刘母的眼睛瞪的像一对铜铃,嘴巴好似可以塞进一个鸡蛋,她顾不上恐惧,软着身子转身就要去开门。
打不开,如何都打不开,她明明刚刚关上的时候还好好的啊,怎么回事!?
“别白费力气了,今天,你,出不去了。”吹了吹手指上的粉末,沐新幽幽的语调如同鬼魅般空灵,吓得刘母一屁股软倒在地,后背很快被冷汗浸湿。

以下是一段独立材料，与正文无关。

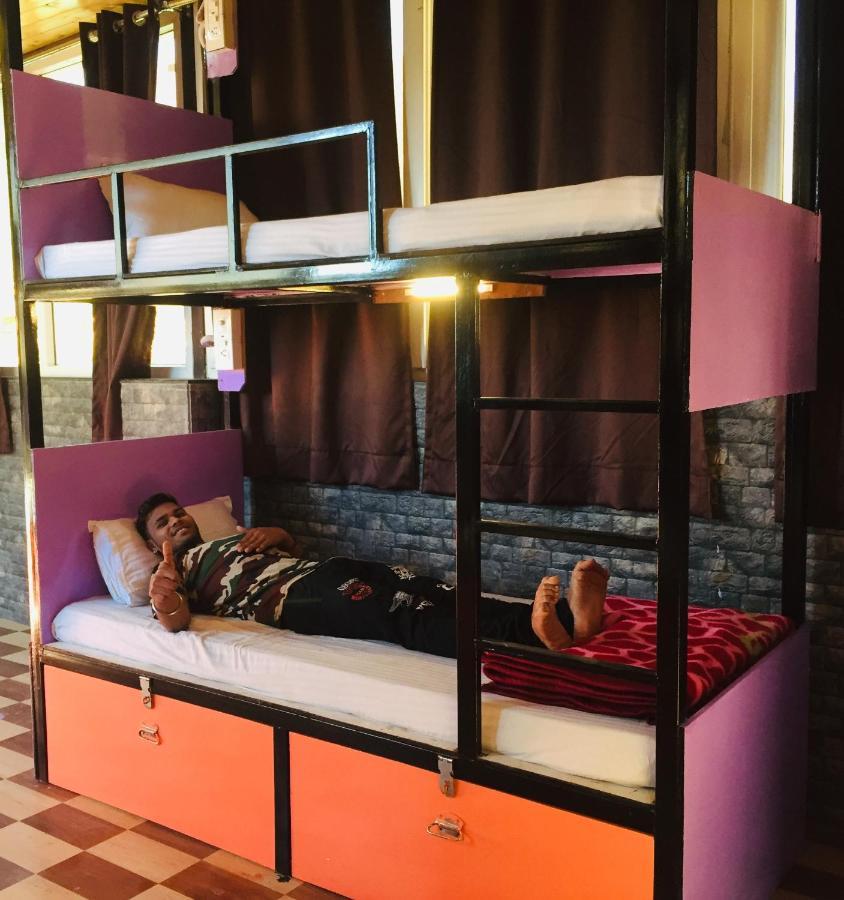 Hotel Cosy Nook Rishikesh Bagian luar foto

看她如此不禁玩,沐新顿觉无趣,慢条斯理地戴好手套,薅起刘母的头发,将人拖进了卧室。
刘志已经醒来,不过他一动都不敢动,只因他动一下都觉得锥心刺骨的痛席卷全身,晕死之前是记忆如洪水一般袭进脑海中。
那些在他裤子里蠕动的蛇……
不能再想下去,身体的疼痛提醒着他自己都经历了何种酷刑,可是即便那样,自己为什么还不嗝屁呢?真是好想就此嗝屁啊。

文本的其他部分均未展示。